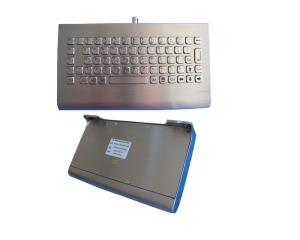 Wholesale Wall Mount SUS304 IP68 Rugged Industrial Metal Keyboard from china suppliers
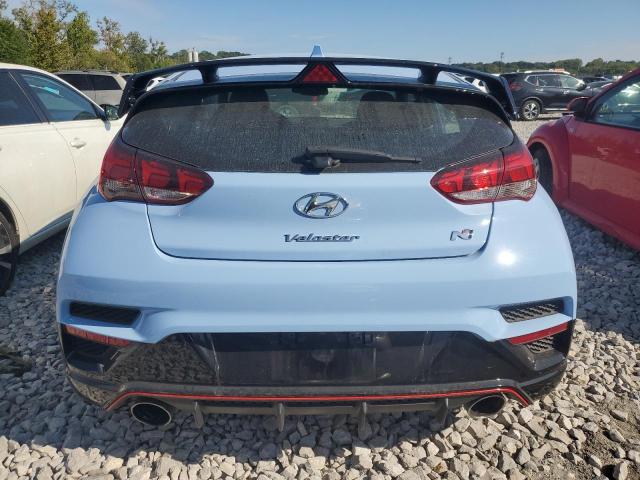 KMHT36AH7LU004079 - 2020 HYUNDAI VELOSTER N BLUE photo 6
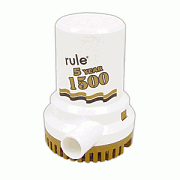Rule 1500 G.P.H. "gold Series" Bilge Pump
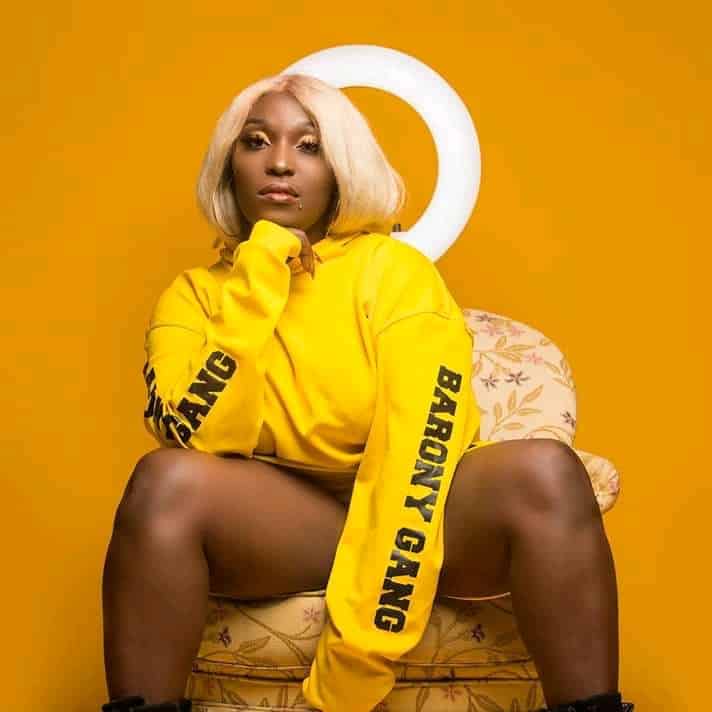 Sarkodie And M.anifest Declares Eno Barony As The Best Female Rapper In Africa 1 Eno Barony is the best female rapper in africa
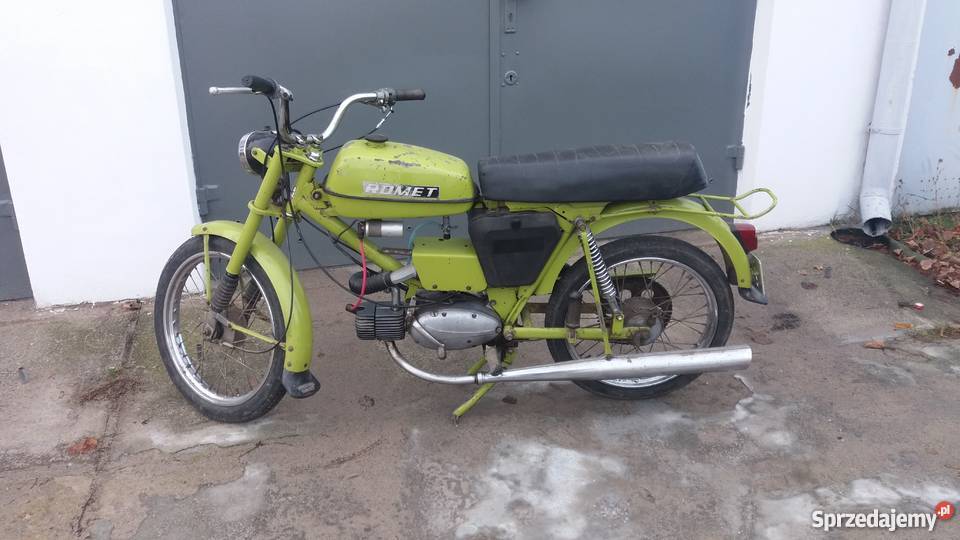 Romet Ogar 200 Orginał Żyrardów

● **Task brief**: Begin the copy at the line containing "Sarkodie And M.anifest" and end it at the final line of the material above, reproducing each line exactly and omitting pictures.

● **Task output**:
 Sarkodie And M.anifest Declares Eno Barony As The Best Female Rapper In Africa 1 Eno Barony is the best female rapper in africa
 Romet Ogar 200 Orginał Żyrardów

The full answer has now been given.